A dimostrazione di quanto sopra esposto, se ai lavoratori fosse erogato l’intero costo del lavoro, essi, al momento della dichiarazione dei redditi annuale, in cui dovrebbero autoliquidare le imposte e i contributi, avrebbero contezza, come accade per imprese e autonomi, della reale pressione fiscale e contributiva che essi subiscono e si attiverebbero, insieme ai datori di lavoro, per chiederne la riduzione e verificare l’efficienza e l’efficacia della spesa pubblica. Si realizzerebbe, in tal modo, una consapevolizzazione dei lavoratori su quanto davvero le imprese li pagano. I detrattori di questa proposta di riforma, di grande civiltà giuridica, obiettano che farebbe aumentare l’evasione: ma questa è una accusa infondata e molto offensiva nei confronti di tutti i lavoratori dipendenti onesti.

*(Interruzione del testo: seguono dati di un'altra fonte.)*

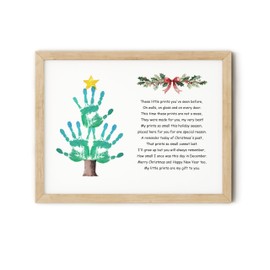 TwoDays Christmas Handprint Art Craft Kit - DIY Gift for Mom Grandma & Family with Kids, Xmas Decorative Keepsake for Grandparents from Kids Grandkids (Tree, 12" X 16", Wood Frame)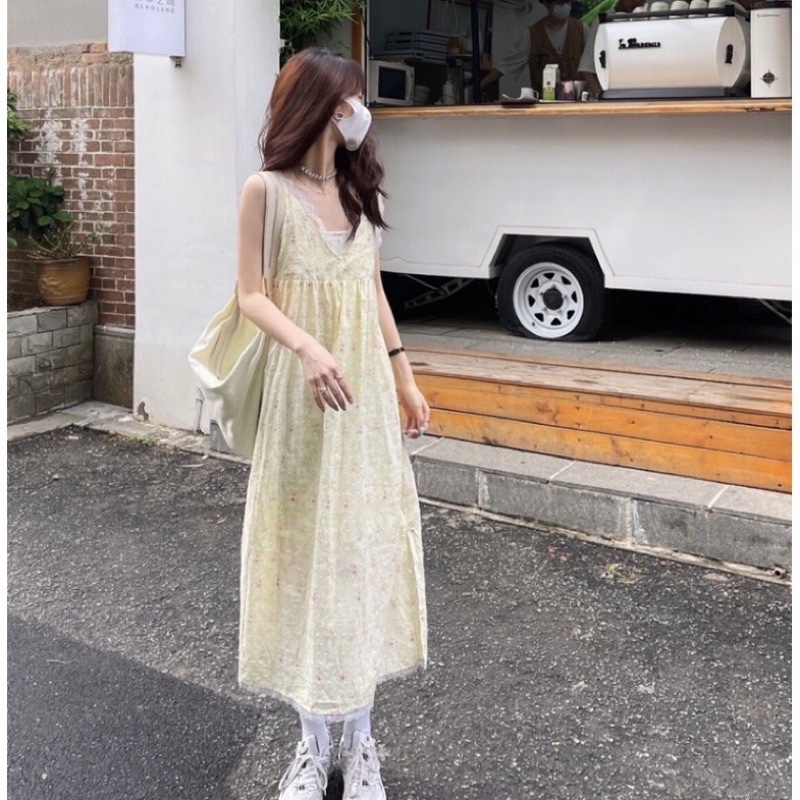 |SUNNY DRESS| Đầm vàng chanh hoạ tiết hoa nhí TLÉA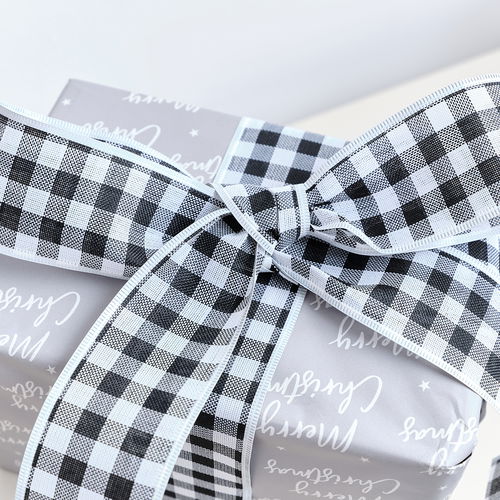 Large Black & White Checked Ribbon Garland - 270cm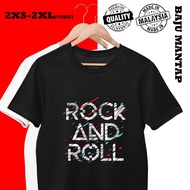 ROCK AND ROLL BAJU GRAFIK BAJU LAKI T-SHIRT PEREMPUAN LELAKI WOMEN MEN KAIN KAPAS 100% COTTON BAJU W
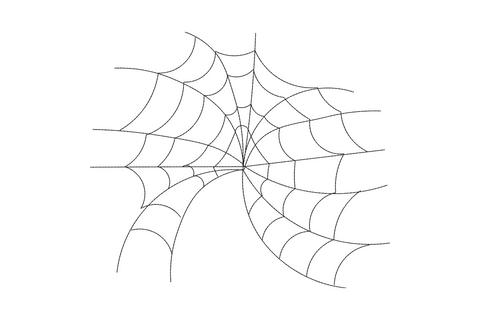 Spiral spider web line embroidery with smooth continuous spiral ring and radiating threads, clean single colour Halloween line design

Il vero timore dei detrattori, e che nessuno ha il coraggio di dichiarare, è che se i lavoratori dipendenti sapessero esattamente quanto pagano (dovrebbero versare anche la quota contributi attualmente a carico azienda e di cui non hanno contezza), lo tollererebbero a fatica.

Per questo si è scelto di non farlo in modo trasparente e aperto, bensì in maniera surrettizia e occulta, con la ritenuta alla fonte del sostituto d’imposta. Se ai lavoratori fosse consegnato l’intero importo del costo del lavoro sostenuto dalle imprese, essi ne chiederebbero la riduzione e si attiverebbero per conoscere come lo Stato impiega davvero i loro soldi.